──────── Data in this exercise ────────

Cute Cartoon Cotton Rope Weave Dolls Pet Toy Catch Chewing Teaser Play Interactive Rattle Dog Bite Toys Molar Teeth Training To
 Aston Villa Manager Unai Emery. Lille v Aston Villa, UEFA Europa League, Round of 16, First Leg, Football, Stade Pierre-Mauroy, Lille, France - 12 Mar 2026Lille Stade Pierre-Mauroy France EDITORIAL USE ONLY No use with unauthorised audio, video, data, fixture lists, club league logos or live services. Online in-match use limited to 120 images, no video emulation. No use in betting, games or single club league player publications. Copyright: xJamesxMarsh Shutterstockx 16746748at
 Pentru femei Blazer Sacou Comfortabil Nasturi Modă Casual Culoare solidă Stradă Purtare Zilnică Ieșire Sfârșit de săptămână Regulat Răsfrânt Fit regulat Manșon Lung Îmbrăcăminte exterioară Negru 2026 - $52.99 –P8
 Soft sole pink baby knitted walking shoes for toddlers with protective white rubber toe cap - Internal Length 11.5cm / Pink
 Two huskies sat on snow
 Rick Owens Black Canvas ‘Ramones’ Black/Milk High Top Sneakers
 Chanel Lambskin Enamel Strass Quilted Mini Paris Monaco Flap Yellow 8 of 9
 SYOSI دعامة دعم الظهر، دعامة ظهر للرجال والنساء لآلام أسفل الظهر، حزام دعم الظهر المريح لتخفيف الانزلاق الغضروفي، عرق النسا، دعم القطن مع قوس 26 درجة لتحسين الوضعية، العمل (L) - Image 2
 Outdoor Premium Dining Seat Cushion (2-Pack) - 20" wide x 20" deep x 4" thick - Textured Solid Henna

────────

What is being asked » Copy the records exactly.

Reply to the task »
Cute Cartoon Cotton Rope Weave Dolls Pet Toy Catch Chewing Teaser Play Interactive Rattle Dog Bite Toys Molar Teeth Training To
 Aston Villa Manager Unai Emery. Lille v Aston Villa, UEFA Europa League, Round of 16, First Leg, Football, Stade Pierre-Mauroy, Lille, France - 12 Mar 2026Lille Stade Pierre-Mauroy France EDITORIAL USE ONLY No use with unauthorised audio, video, data, fixture lists, club league logos or live services. Online in-match use limited to 120 images, no video emulation. No use in betting, games or single club league player publications. Copyright: xJamesxMarsh Shutterstockx 16746748at
 Pentru femei Blazer Sacou Comfortabil Nasturi Modă Casual Culoare solidă Stradă Purtare Zilnică Ieșire Sfârșit de săptămână Regulat Răsfrânt Fit regulat Manșon Lung Îmbrăcăminte exterioară Negru 2026 - $52.99 –P8
 Soft sole pink baby knitted walking shoes for toddlers with protective white rubber toe cap - Internal Length 11.5cm / Pink
 Two huskies sat on snow
 Rick Owens Black Canvas ‘Ramones’ Black/Milk High Top Sneakers
 Chanel Lambskin Enamel Strass Quilted Mini Paris Monaco Flap Yellow 8 of 9
 SYOSI دعامة دعم الظهر، دعامة ظهر للرجال والنساء لآلام أسفل الظهر، حزام دعم الظهر المريح لتخفيف الانزلاق الغضروفي، عرق النسا، دعم القطن مع قوس 26 درجة لتحسين الوضعية، العمل (L) - Image 2
 Outdoor Premium Dining Seat Cushion (2-Pack) - 20" wide x 20" deep x 4" thick - Textured Solid Henna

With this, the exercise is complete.